(Image-caption web data)
=== Section Start ===

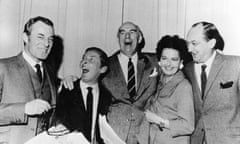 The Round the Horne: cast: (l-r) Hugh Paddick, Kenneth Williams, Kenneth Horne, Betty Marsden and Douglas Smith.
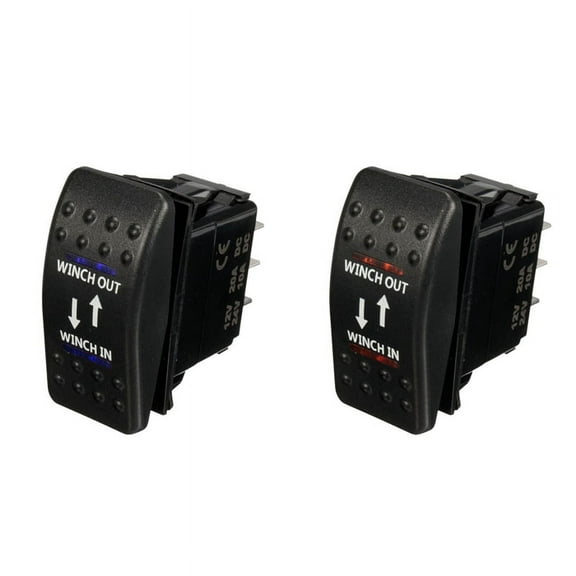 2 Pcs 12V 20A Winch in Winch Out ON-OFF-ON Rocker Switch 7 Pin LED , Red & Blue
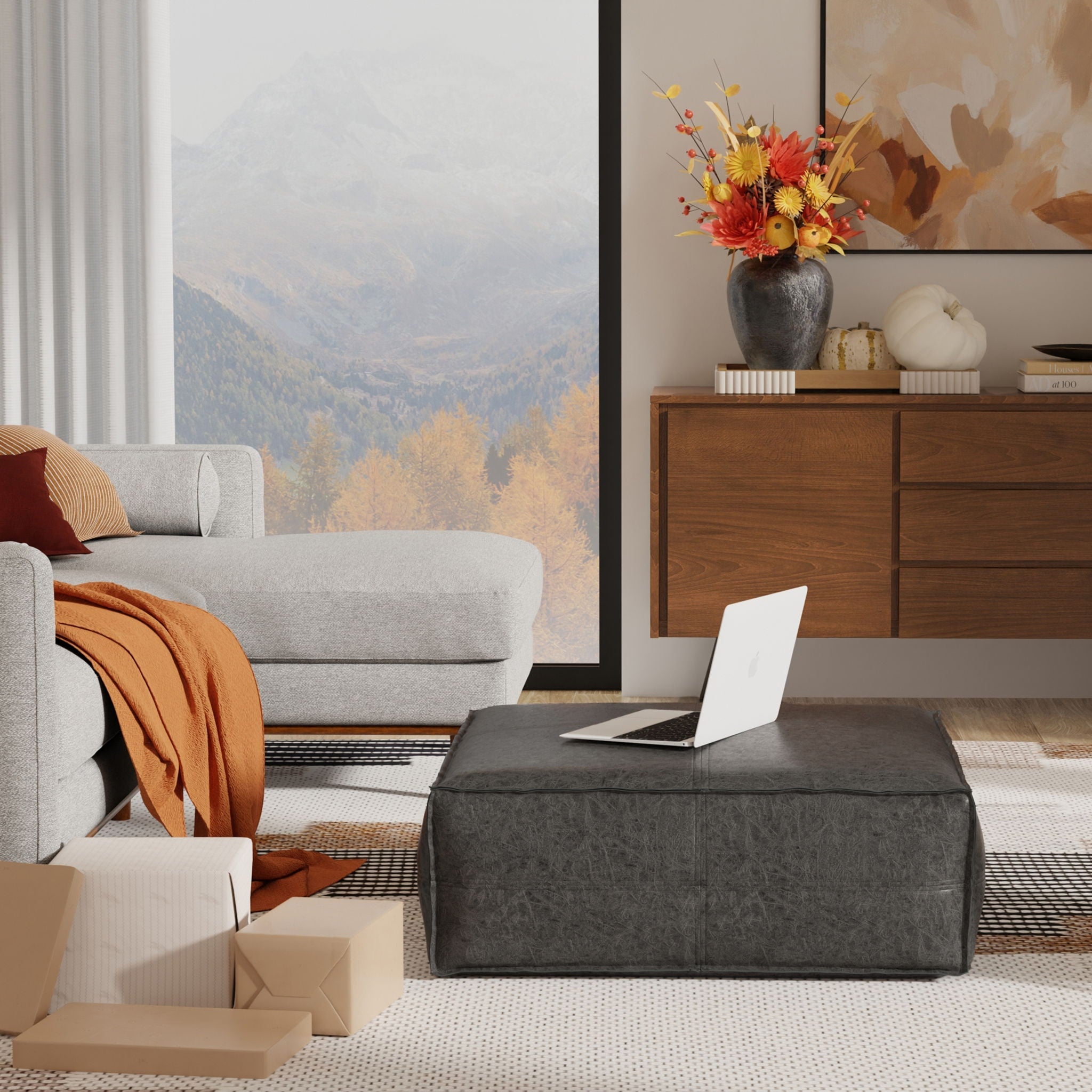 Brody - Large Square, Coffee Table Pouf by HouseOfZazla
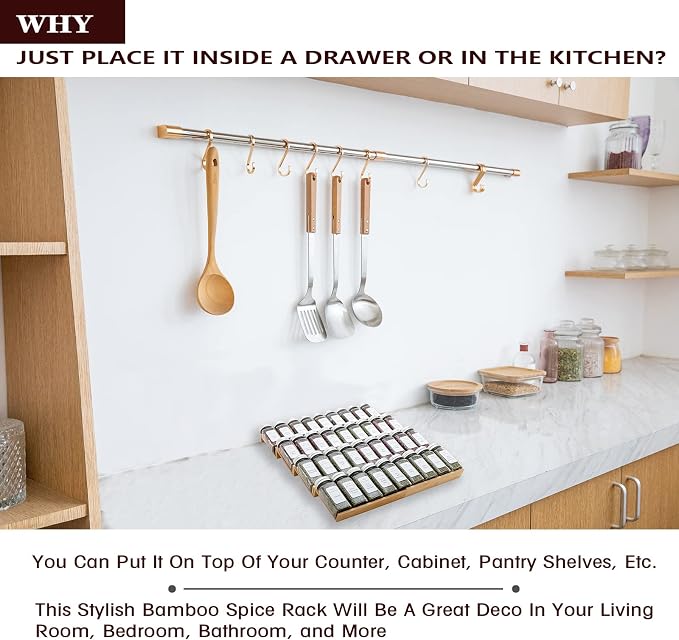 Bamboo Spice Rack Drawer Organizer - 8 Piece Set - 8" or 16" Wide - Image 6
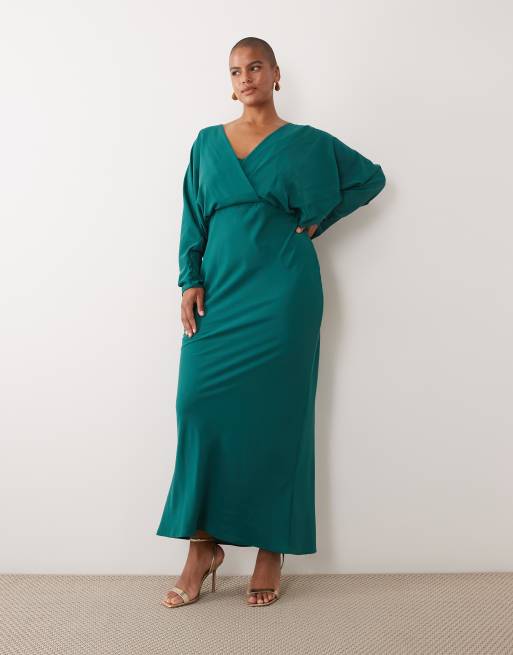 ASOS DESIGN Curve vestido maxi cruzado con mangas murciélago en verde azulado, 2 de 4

=== Section End ===

_TASK DIRECTIONS:_ Would you retype all the lines shown above, exactly as written and without any picture?

_OUTPUT FOR THIS TASK:_
 The Round the Horne: cast: (l-r) Hugh Paddick, Kenneth Williams, Kenneth Horne, Betty Marsden and Douglas Smith.
 2 Pcs 12V 20A Winch in Winch Out ON-OFF-ON Rocker Switch 7 Pin LED , Red & Blue
 Brody - Large Square, Coffee Table Pouf by HouseOfZazla
 Bamboo Spice Rack Drawer Organizer - 8 Piece Set - 8" or 16" Wide - Image 6
 ASOS DESIGN Curve vestido maxi cruzado con mangas murciélago en verde azulado, 2 de 4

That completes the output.